01-30-2018 01:44 PM - edited 01-30-2018 01:48 PM
I have a simple proc import for CSV:
proc import OUT = &output_table. datafile = "&inputdir./&input_file." DBMS = csv REPLACE; getnames=yes; RUN;
My files delimiter are commas, but I also have commas for amounts inside the file. When it is an amount I have something like:
Now I receive a file like this from a provider and run my import, it's working well.
I open the file and change the value of an amount manually, without removing the amount commas or the double quotes, and it's no longer working.
I open the file and and delete some rows which are out of scope (by selecting Excel rows and just clicking "Delete") and it's no longer working.
In both cases, it imports the file on only one column. the column name is the first column name of the CSV file, and all rows are written exactly like in the CSV file with all commas, on one column only.
Now do you know what could explain that?
How can I modify manually some values without modify the file characteristics (because it seems to be that)?
01-30-2018 01:53 PM
You mentioned "Excel rows." If you're opening the file in Excel and then re-saving it, that could be your problem.
Try making the changes .. to the original file .. using a text editor like notepad or wordpad.
Art, CEO, AnalystFinder.com
01-30-2018 04:09 PM
The symptom you describe is what happens when your file is created using a different delimiter than you told PROC IMPORT to use.
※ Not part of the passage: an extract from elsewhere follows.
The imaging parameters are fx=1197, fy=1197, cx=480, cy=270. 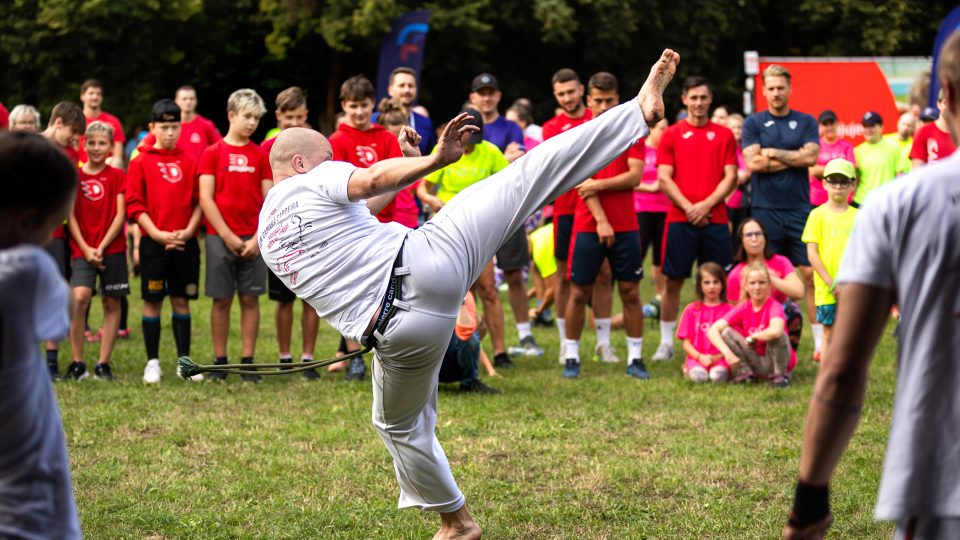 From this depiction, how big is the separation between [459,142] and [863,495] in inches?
115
Since it does not see any delimiters it treats the whole line as one column.
Why are you use PROC IMPORT to read a delimited file?
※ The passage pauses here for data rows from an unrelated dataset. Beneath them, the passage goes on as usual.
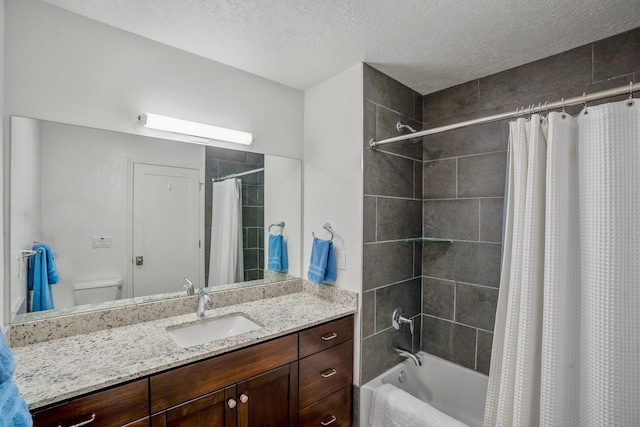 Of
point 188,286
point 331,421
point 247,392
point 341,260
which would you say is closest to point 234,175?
point 188,286

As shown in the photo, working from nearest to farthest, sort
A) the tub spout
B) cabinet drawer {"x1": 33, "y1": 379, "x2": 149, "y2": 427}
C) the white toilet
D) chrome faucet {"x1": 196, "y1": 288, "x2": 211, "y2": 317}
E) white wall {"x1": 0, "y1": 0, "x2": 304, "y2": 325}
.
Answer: cabinet drawer {"x1": 33, "y1": 379, "x2": 149, "y2": 427} < white wall {"x1": 0, "y1": 0, "x2": 304, "y2": 325} < the white toilet < chrome faucet {"x1": 196, "y1": 288, "x2": 211, "y2": 317} < the tub spout

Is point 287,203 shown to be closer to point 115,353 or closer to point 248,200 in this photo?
point 248,200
You can just write a DATA step to read it yourself. Frequently with less typing than writing a PROC IMPORT code.
This goes even more so if you are getting many similar files.
You can also try running PROC IMPORT and recall the code that it generates and modify that code, although PROC IMPORT writes ugly code, at least it will take guess at what variable names to use and what type of data is in each column.
01-30-2018 04:11 PM
You would have to tell use explicitly what values you change from and too. But unless you take extra steps that almost no one does if your original value was "2208,03" and you change the value to anything that might be interpreted as a number such as 220,803 then Excel changed the CELL to numeric. And very likely on file>save as>CSV (you did do this correct?) the value came out as ,220803, no quotes or even worse ,220,803, no quotes and now a different field.
Either edit with text editor, OR (sometimes this works, sometimes not) set the entire column in Excel as text before making any edit.
OR use program code in a data step:
If value='2208,03' <possibly with other qualifier such as: and ID='abc'> then value='220,803';
Also if you have multiple files with the same structure you would be much better off writing a data step because Proc Import guesses variable length and type every single time and your data sets may not be compatible.
Note that Proc Import with CSV will write a data step to the log that you can copy, paste into the editor, modify and save. Then you change the infile and output data set to get the desired result.
You also should use guessingrows= with a moderately large value or the key word MAX to have better compatibility on variable length when importing CSV or other delimited files.